Alright, I am really trying to become enthused over this "bright future"...but am not succeeding too well. But by the time draft night rolls around the Indians will probably already be ten games under .500 in the 2011 season and the Browns' misfortunes would, by then, be accepted, as we Clevelanders have grown so accustomed to misfortune.
Moving right along here...
# 3 -- Mike Holmgren will not be amused over failure and will rectify problems
This is a no-brainer in many ways. Mike Holmgren is a proven winner. He has turned a sow's ear into a silk purse more than once in his career and there is no reason to think that he cannot -- and will not -- do the same in Cleveland.
Can a man in the front office deliver an NFL title? Actually, with the right moves at the right time and with the ear of an owner who respects him, I really believe a man in the front office can.
Mike Holmgren is not going to be happy with mediocrity, he will not be happy with opponents dashing down the sidelines on their way to paydirt after bad interceptions, or the ball being put on the ground at the rate the Browns are thus far.
And lest we think that a football mind can only achieve so much -- the Browns underestimated a coach who chose to sit a legendary quarterback. The fans hated the man.
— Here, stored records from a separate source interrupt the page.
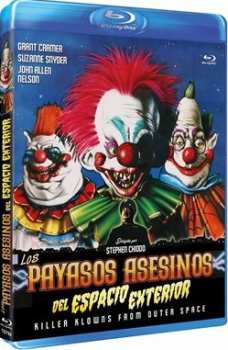 8435479607948 Killer Clowns From Outer Space -Payayos Asesinos SP/FR BR
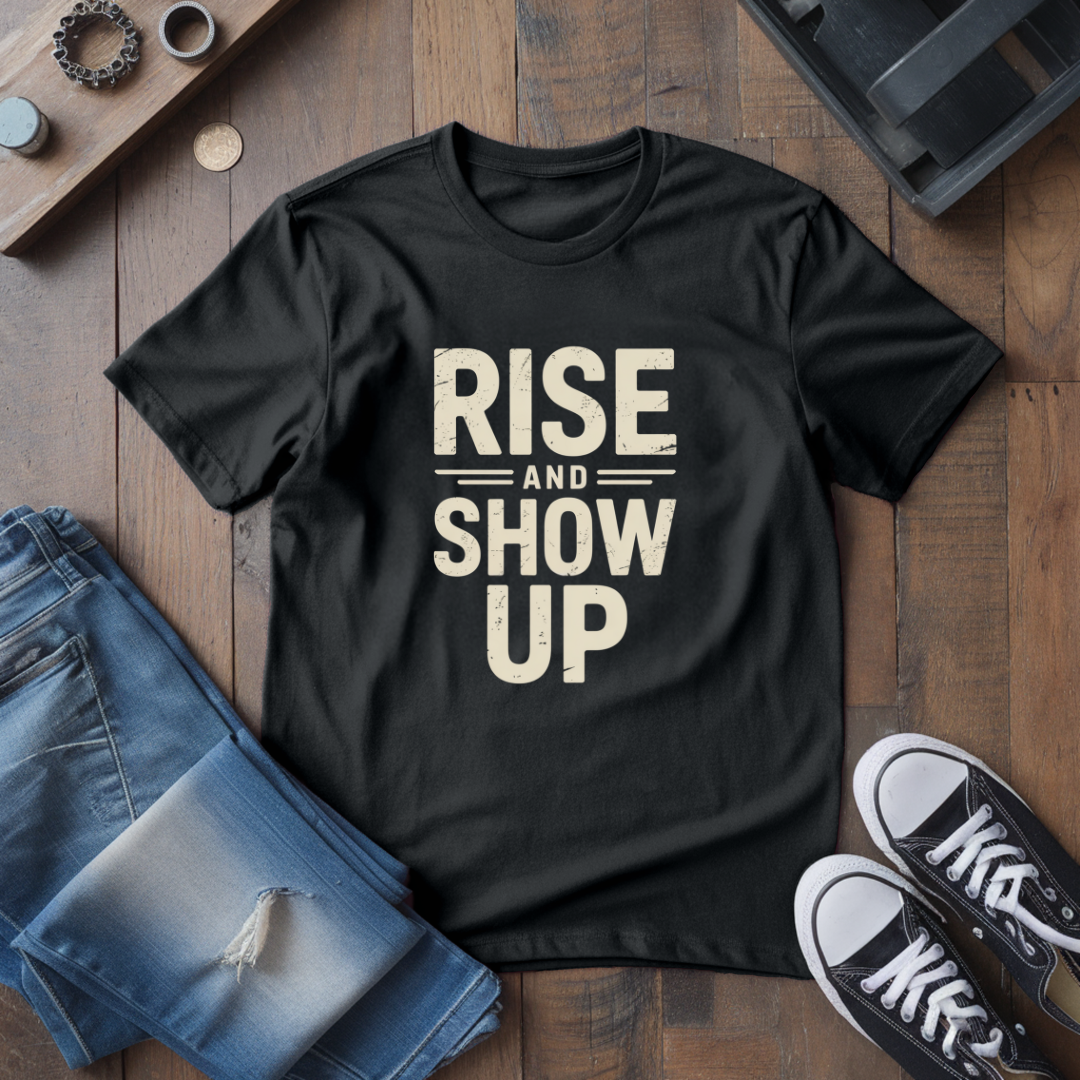 Rise And Show Up T-Shirt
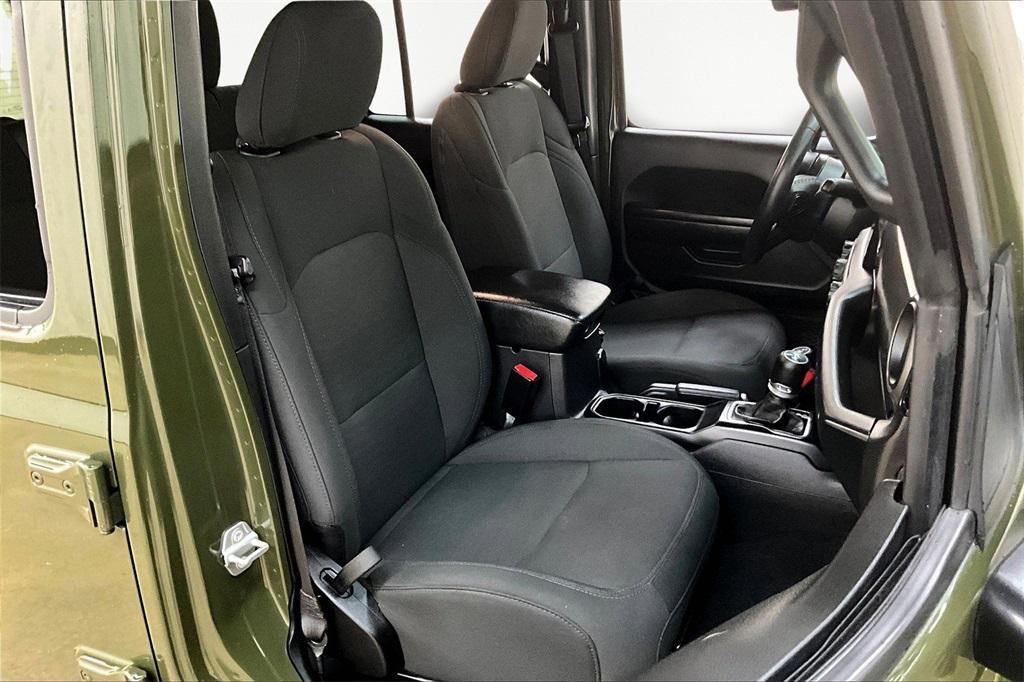 used 2021 Jeep Wrangler Unlimited car, priced at $27,490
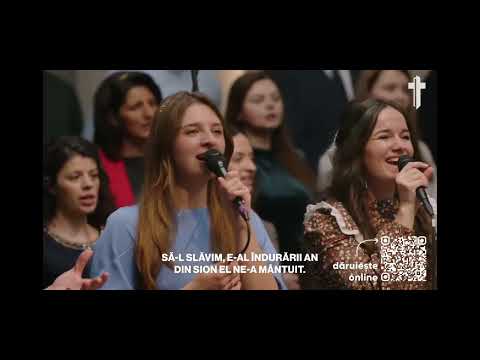 Traim vremi de har ca Ilie - El vine iar / Poarta Cerului TM Worship
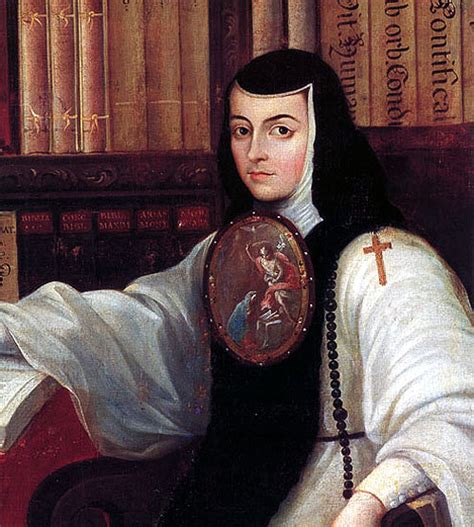 Detalle De Sor Juana Inés De La Cruz Sor Juana Inés De La Cruz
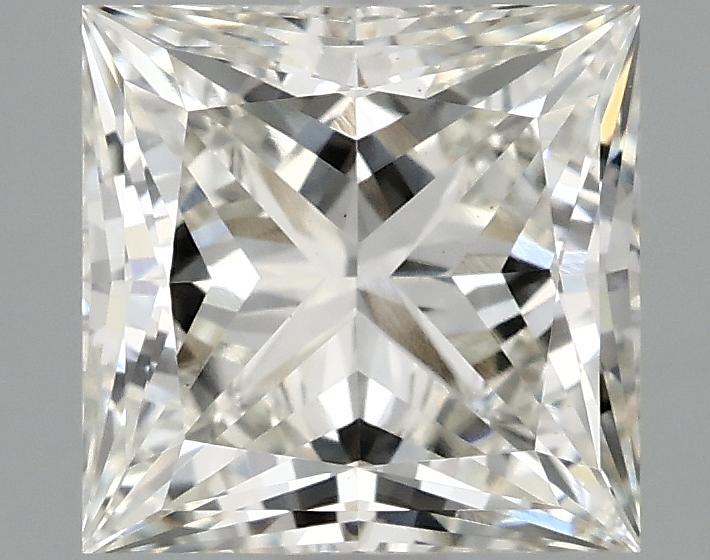 2.01 Carat Princess Shaped Ideal Cut VS1 IGI Certified Lab Grown Diamond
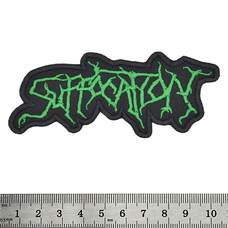 Нашивка Suffocation (logo) (PS-119) Зображення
He was hounded out of town.
Bill Belicheck, has done pretty well since the days he paced the Browns' sideline.
Football minds make tough choices and tough decisions and are shrewd enough to see that a series of small gains add up to much more than one jump forward and then a jump back.
Is Mike Holmgren a bright spot? Yes, I really think that he is, and as this season goes on, we will see just how much of a bright spot he can be.
# 2 -- The Browns' defense looks pretty good so far and could get even better
Glass half-full again, but you take positives and you build on those positives, and if two games are an aberration but two games becomes ten, suddenly that aberration is a strength and something you can rely upon.
The Browns' defense has given up some long drives, and against two less-than-Super Bowl-worthy offenses, but the D has only surrendered 19 points in two weeks. All other points scored by Kansas City and Tampa Bay were on interceptions for touchdowns.
Folks, if you give up 9.5 points a game on defense, you will win some football games
Of course, if the Ravens score nine or 10 points next week, that may very well be enough to make the Browns 0-3. But what matters, what needs to be stressed and hung onto, is that (so far) the Browns have not been torched, they are in games, and it is because the defense is able to turn touchdowns into field goals that the Browns have been competitive.
Could that change in the next few weeks, when New Orleans, when New England, when Cincinnati, when other prolific offenses face the Browns?
Yes it could. It very possibly will. But maybe, just maybe, this defense can take the momentum of at least keeping games close and can grown into that becoming the norm rather than the exception.
We are looking for a brighter future. Maybe part of that future is already starting to come together.
# 1 -- My surprise pick for something that will definitely be bright in the Browns' future
Here is where humor came into the grimness of the morning, and if it strikes you as silly...fine, that's just fine. I choose not to see black clouds in every situation and if that makes me silly, then so be it.
I guarantee that there is brightness in the Browns' future. That's right -- guarantee it, like Joe Namath predicting a Super Bowl win for his Jets.
That brightness will come on some night, maybe some night in 2011, or in 2012, or sometime...it has to happen, that night when the Browns are on Monday Night Football, or maybe on a Thursday night.
Yes, indeed, the brightness of those light standards in some stadium somewhere will be one "bright future" (or at least a well-lit one) that is a dead-solid sure thing.